WORK ITEM
Could you set down exactly the lines of the data below, starting at the one that holds "Комплекти PUMA 3в1" and ending at the one that holds "函館　星龍軒　セブンイレブン　北海道フェア　冷たい塩ラーメン", both included, and only those?

DATASET EXCERPTS
========================================================================
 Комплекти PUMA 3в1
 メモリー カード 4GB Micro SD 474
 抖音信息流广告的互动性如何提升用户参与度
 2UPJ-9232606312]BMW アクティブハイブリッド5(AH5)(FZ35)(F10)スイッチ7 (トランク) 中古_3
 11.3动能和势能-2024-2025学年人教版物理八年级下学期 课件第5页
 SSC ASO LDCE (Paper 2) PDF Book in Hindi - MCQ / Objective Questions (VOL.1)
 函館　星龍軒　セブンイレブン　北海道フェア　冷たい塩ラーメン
========================================================================
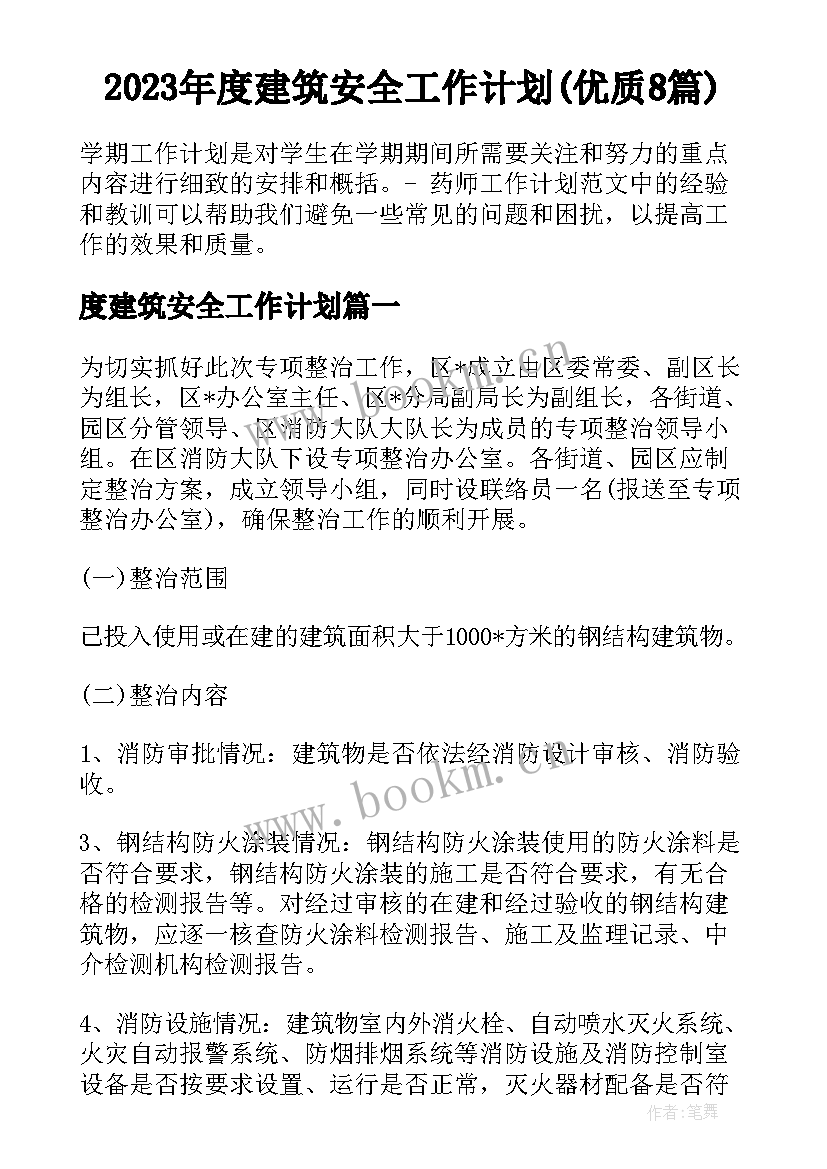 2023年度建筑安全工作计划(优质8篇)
========================================================================
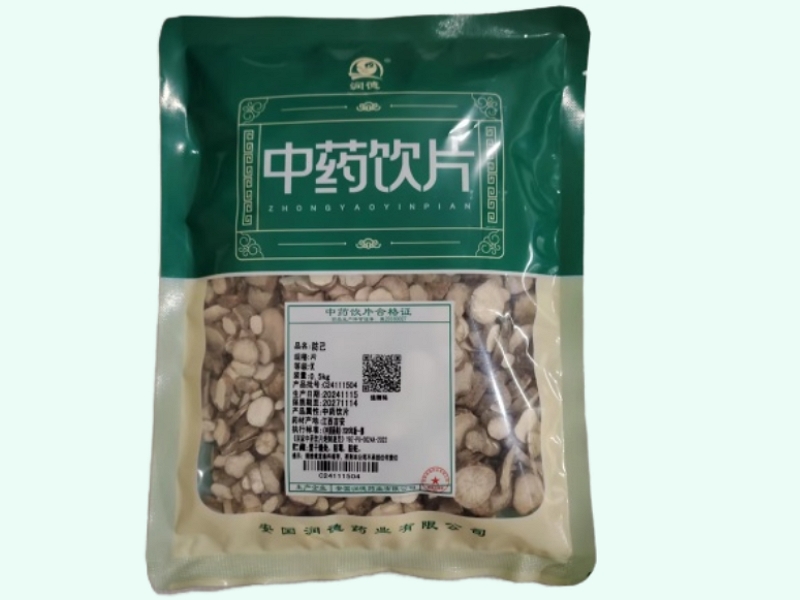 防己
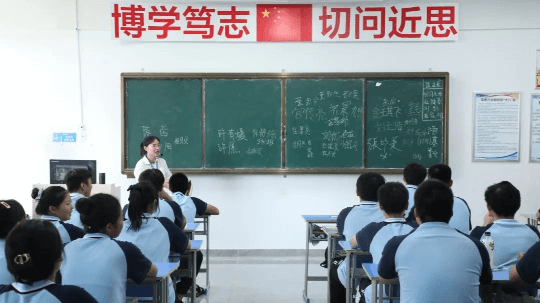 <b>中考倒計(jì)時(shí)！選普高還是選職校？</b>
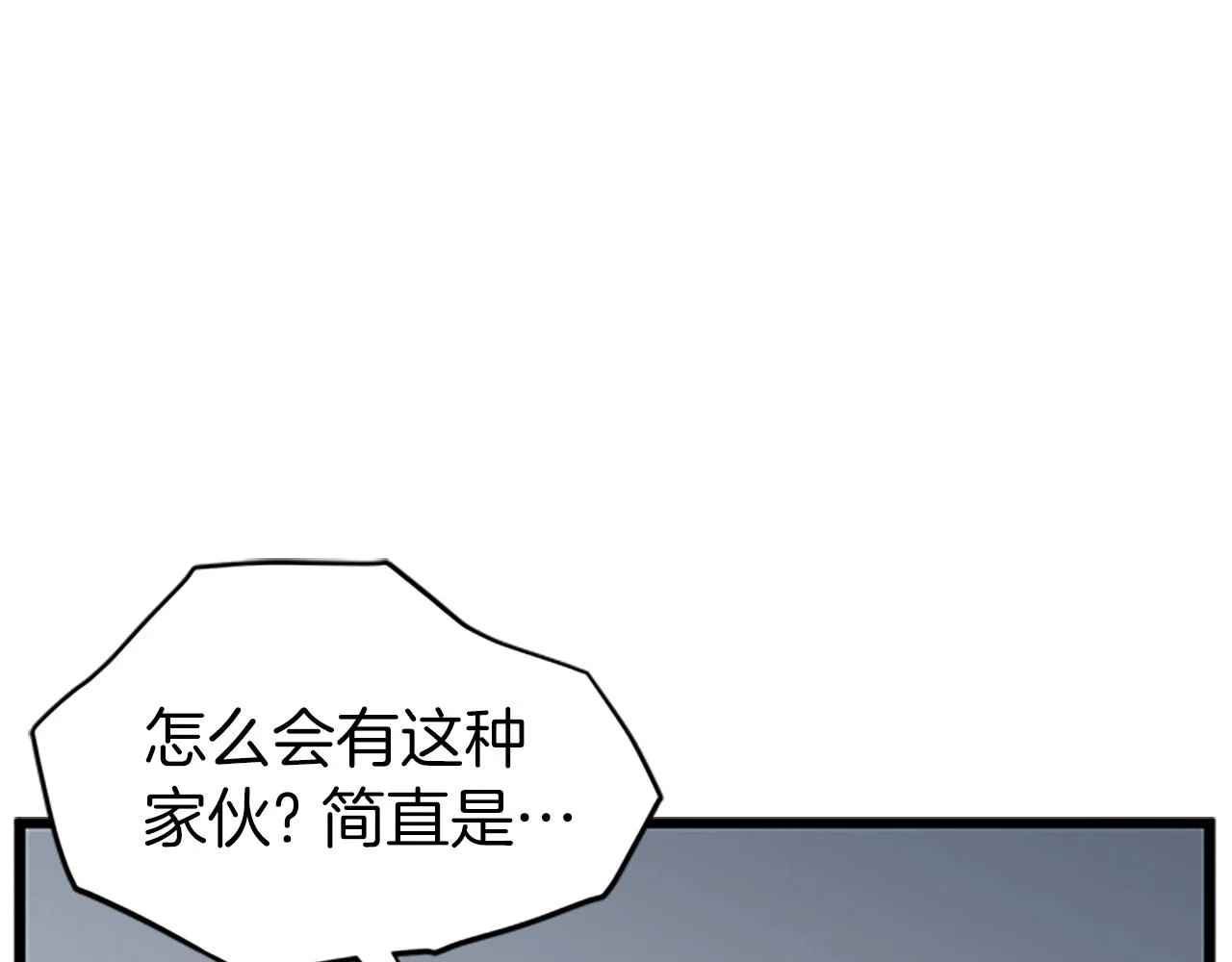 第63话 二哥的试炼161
========================================================================
RESPONSE
 Комплекти PUMA 3в1
 メモリー カード 4GB Micro SD 474
 抖音信息流广告的互动性如何提升用户参与度
 2UPJ-9232606312]BMW アクティブハイブリッド5(AH5)(FZ35)(F10)スイッチ7 (トランク) 中古_3
 11.3动能和势能-2024-2025学年人教版物理八年级下学期 课件第5页
 SSC ASO LDCE (Paper 2) PDF Book in Hindi - MCQ / Objective Questions (VOL.1)
 函館　星龍軒　セブンイレブン　北海道フェア　冷たい塩ラーメン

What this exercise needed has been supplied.